(INPUT DATA)

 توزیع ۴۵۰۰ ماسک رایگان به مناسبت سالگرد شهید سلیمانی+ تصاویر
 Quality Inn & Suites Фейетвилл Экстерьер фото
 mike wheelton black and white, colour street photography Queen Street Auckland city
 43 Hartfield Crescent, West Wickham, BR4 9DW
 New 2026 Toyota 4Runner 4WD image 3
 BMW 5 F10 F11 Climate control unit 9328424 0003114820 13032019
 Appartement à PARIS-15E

(End INPUT DATA)
(INPUT DATA)

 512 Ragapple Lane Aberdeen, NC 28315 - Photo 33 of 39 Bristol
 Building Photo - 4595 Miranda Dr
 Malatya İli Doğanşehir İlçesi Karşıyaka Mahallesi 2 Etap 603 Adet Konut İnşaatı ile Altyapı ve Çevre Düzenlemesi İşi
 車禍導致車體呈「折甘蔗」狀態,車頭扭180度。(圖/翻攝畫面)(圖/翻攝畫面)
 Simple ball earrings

(End INPUT DATA)

TASK DESCRIPTION | Please transcribe only the lines in the records above running from the line that has "車禍導致車體呈「折甘蔗」狀態,車頭扭180度。(圖/翻攝畫面)(圖/翻攝畫面)" through the line that has "Simple ball earrings", both included, exactly as they appear.

WRITTEN ANSWER |
 車禍導致車體呈「折甘蔗」狀態,車頭扭180度。(圖/翻攝畫面)(圖/翻攝畫面)
 Simple ball earrings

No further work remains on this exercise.